The 26-year-old hotel worker was extracted by a joint Myanmar-Turkish team shortly after midnight, the fire service and junta said.
Dazed and dusty but conscious, the man was pulled through a hole in the rubble and put on a stretcher, video posted on Facebook by the Myanmar Fire Services Department shows.
Hundreds of kilometers away, in the Thai capital Bangkok, workers continued to scour a pile of rubble that formed when Friday’s tremors collapsed a 30-story skyscraper.
The structure had been under construction at the time, and its crash buried dozens of builders — few of whom have come out alive.
The death toll at the site has risen to 22, with more than 70 still believed trapped in the rubble.
The shallow 7.7-magnitude earthquake on Friday flattened buildings across Myanmar, killing more than 2,700 people and making thousands more homeless.

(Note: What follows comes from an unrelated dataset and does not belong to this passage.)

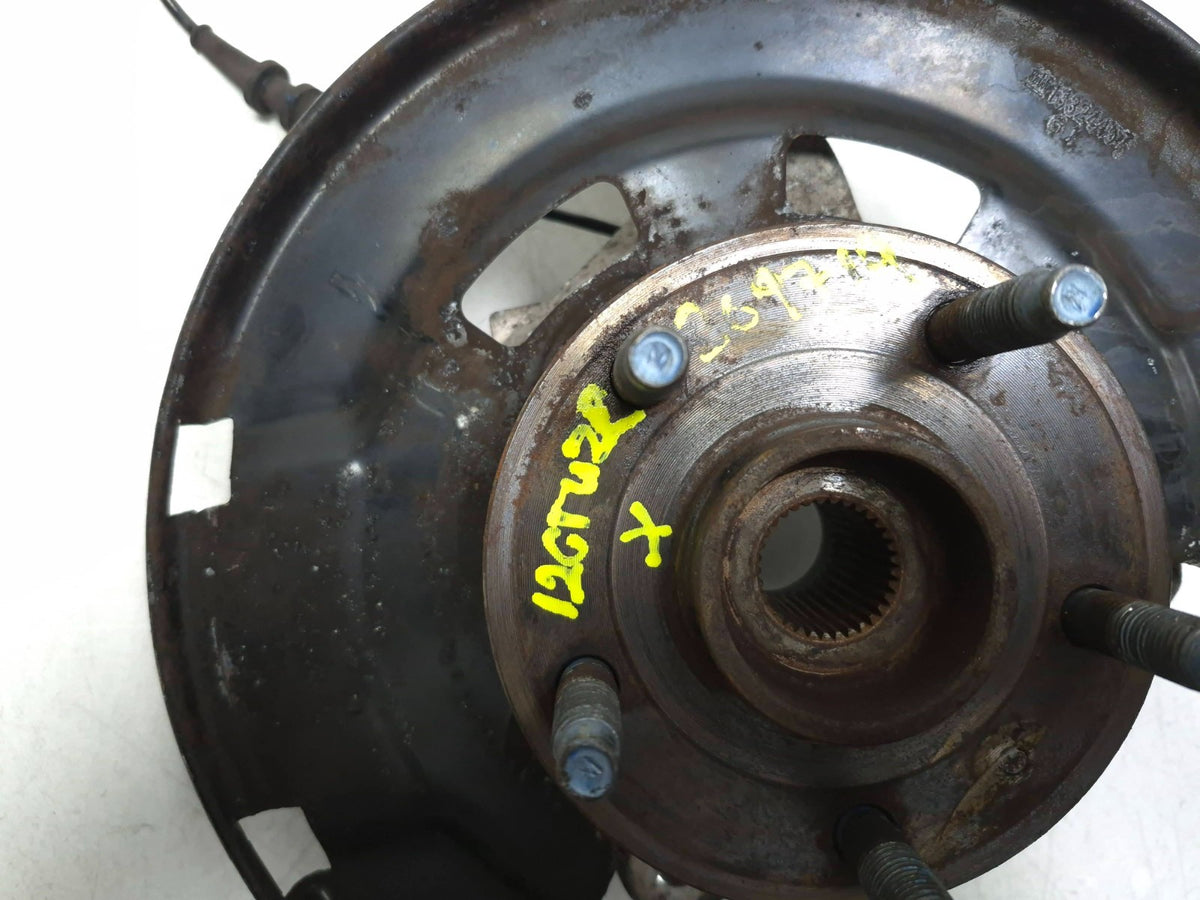 2012 Chevrolet Cruze Front Spindle Knuckle W/hub Right Passenger Side OEM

Several leading armed groups fighting the military have suspended hostilities during the quake recovery, but junta chief Min Aung Hlaing vowed to continue “defensive activities” against “terrorists.”
United Nations agencies, rights groups and foreign governments have urged all sides in Myanmar’s civil war to stop fighting and focus on helping those affected by the quake, the biggest to hit the country in decades.